DATASET
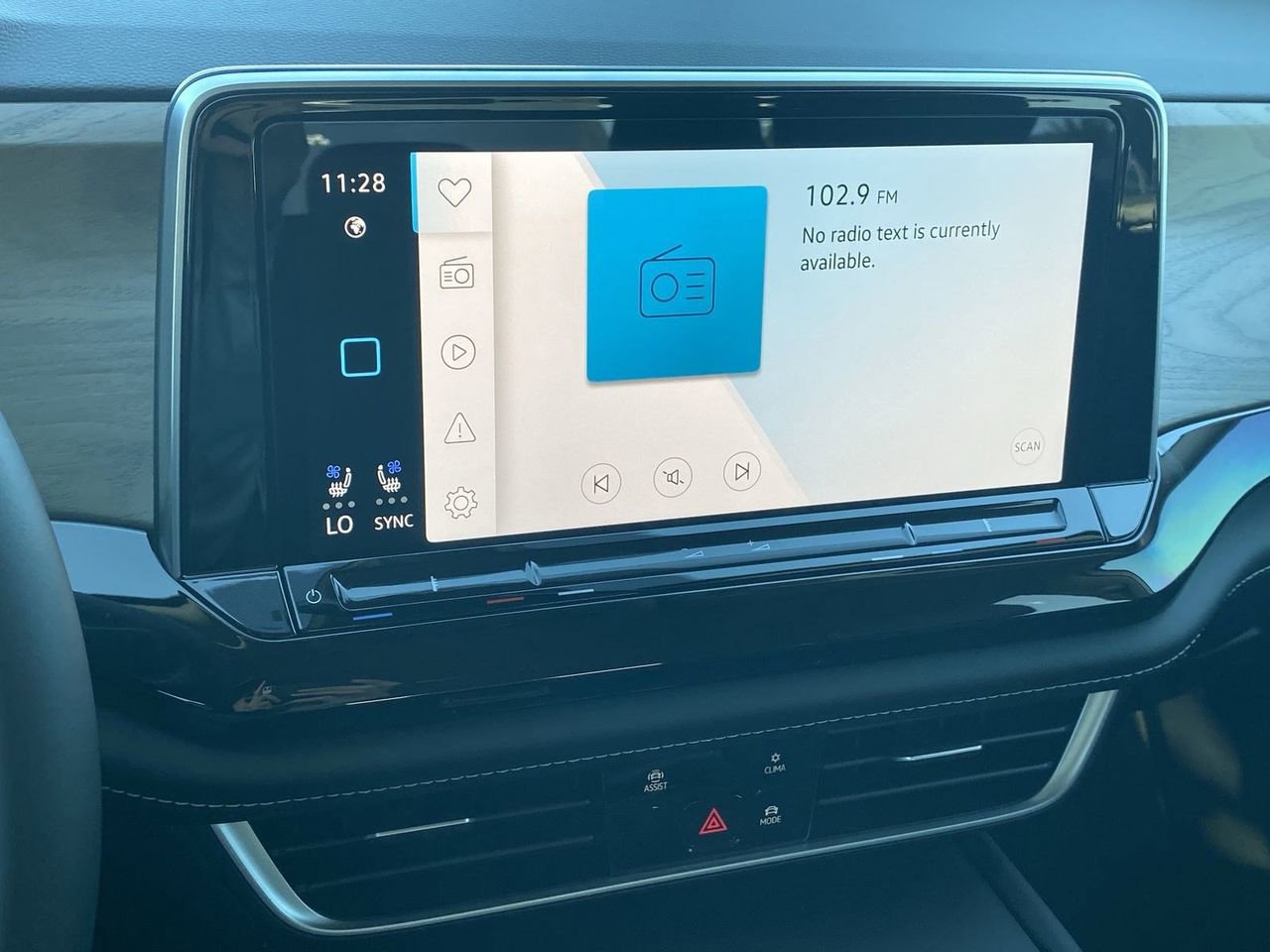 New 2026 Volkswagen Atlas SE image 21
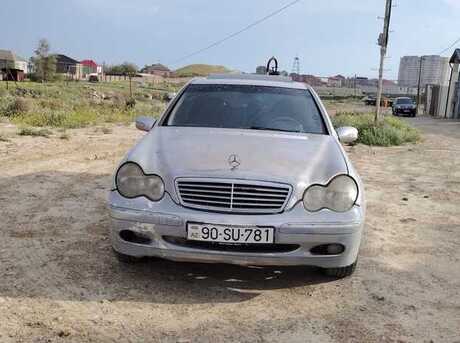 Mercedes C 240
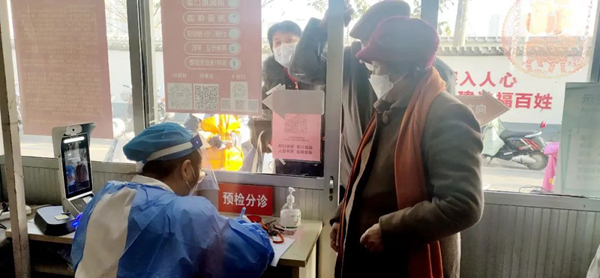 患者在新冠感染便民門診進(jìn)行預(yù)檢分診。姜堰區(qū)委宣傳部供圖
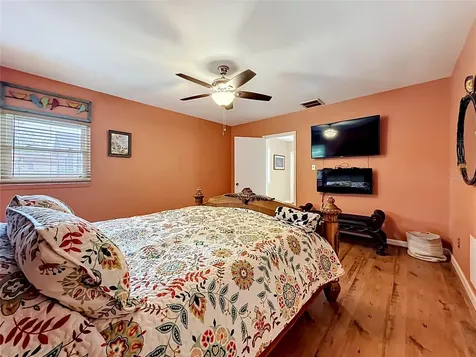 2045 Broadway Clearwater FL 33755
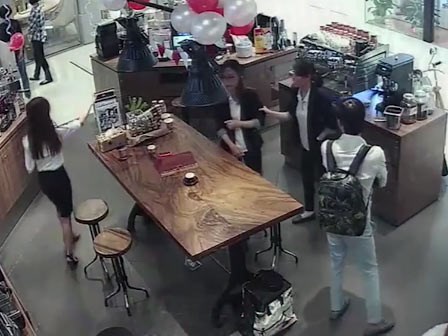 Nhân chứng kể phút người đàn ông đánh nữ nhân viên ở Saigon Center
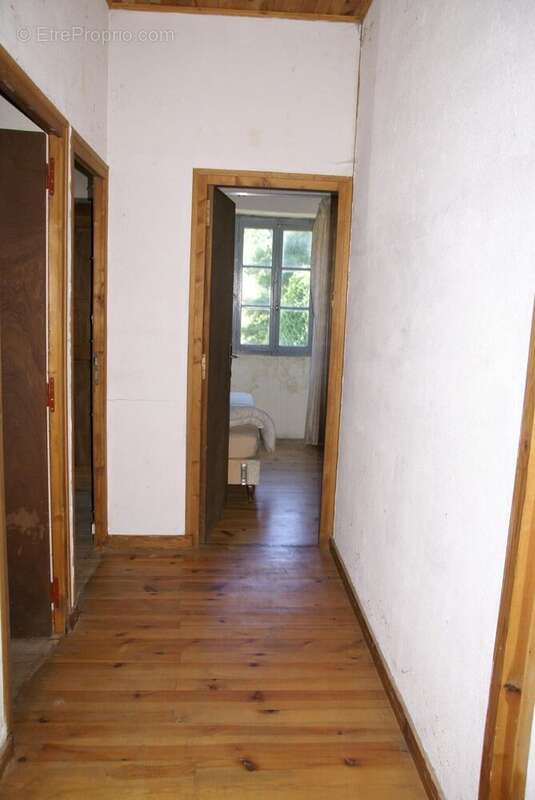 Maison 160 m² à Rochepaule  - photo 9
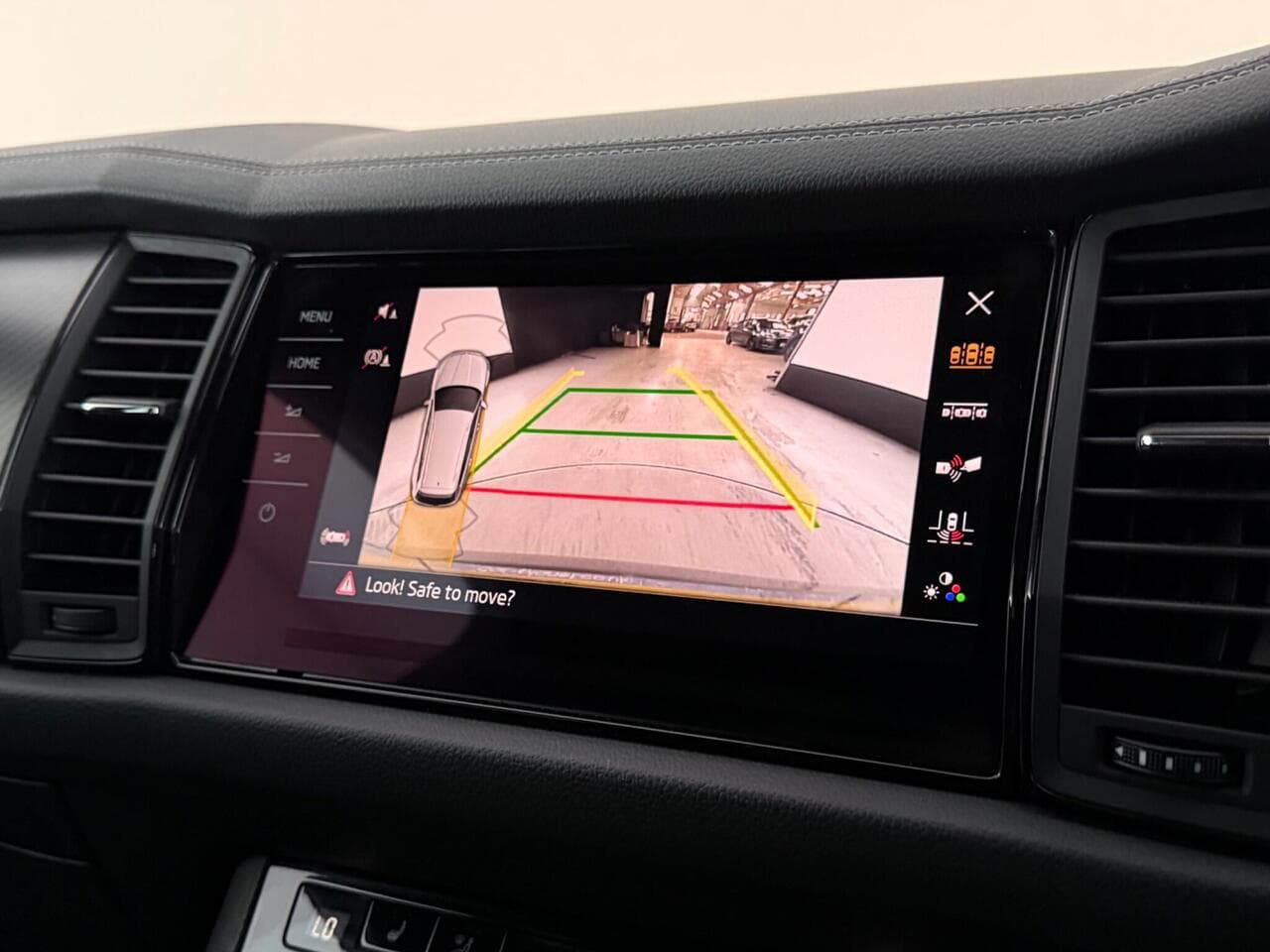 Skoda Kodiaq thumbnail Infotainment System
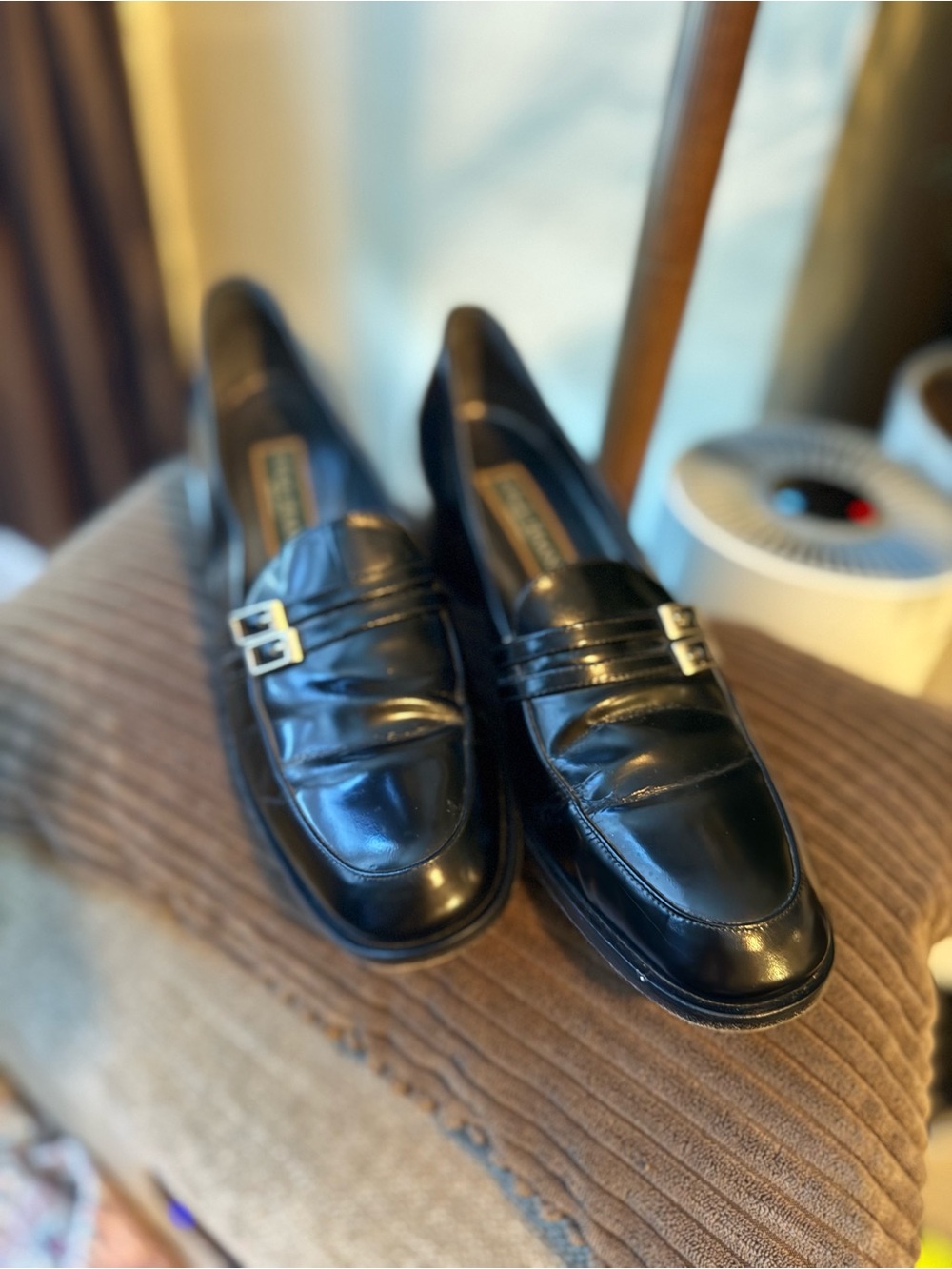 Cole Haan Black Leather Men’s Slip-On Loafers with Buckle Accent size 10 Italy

TASK PROMPT
No picture is to be included when the lines from the one containing "Nhân chứng kể" through the end of the material above are output exactly; nothing else is written.

RESULT OF THE TASK
 Nhân chứng kể phút người đàn ông đánh nữ nhân viên ở Saigon Center
 Maison 160 m² à Rochepaule  - photo 9
 Skoda Kodiaq thumbnail Infotainment System
 Cole Haan Black Leather Men’s Slip-On Loafers with Buckle Accent size 10 Italy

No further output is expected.